Segment Start: Supplied data

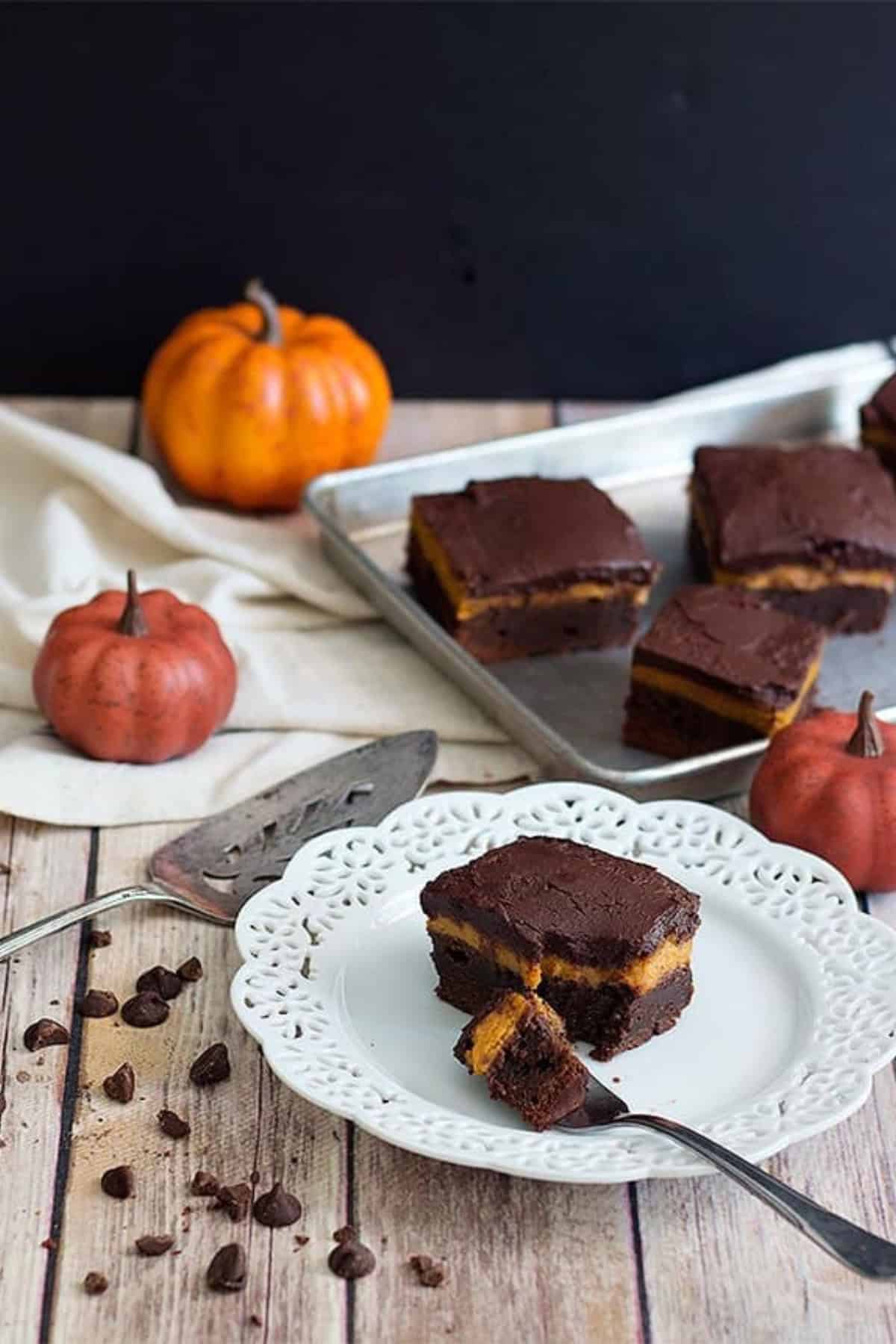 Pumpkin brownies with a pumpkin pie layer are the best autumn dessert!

Segment End: Supplied data
Segment Start: Supplied data

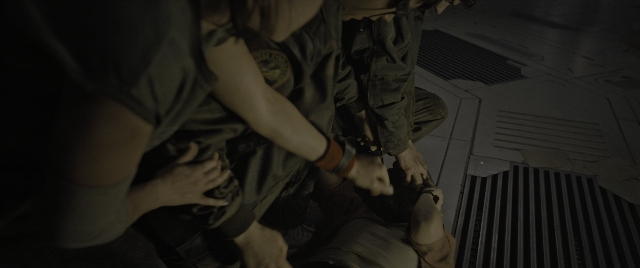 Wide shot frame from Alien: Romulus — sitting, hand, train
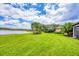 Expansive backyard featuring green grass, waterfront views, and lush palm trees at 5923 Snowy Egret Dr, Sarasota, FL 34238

Segment End: Supplied data
Segment Start: Supplied data

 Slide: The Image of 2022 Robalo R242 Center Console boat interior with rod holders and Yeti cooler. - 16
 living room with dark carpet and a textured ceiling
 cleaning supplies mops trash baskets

Segment End: Supplied data

• Problem description: Print from the line containing "Wide shot frame" through the line containing "Expansive backyard featuring" in the data above, exactly as the lines stand, and omit every picture.

• Completed exercise:
 Wide shot frame from Alien: Romulus — sitting, hand, train
 Expansive backyard featuring green grass, waterfront views, and lush palm trees at 5923 Snowy Egret Dr, Sarasota, FL 34238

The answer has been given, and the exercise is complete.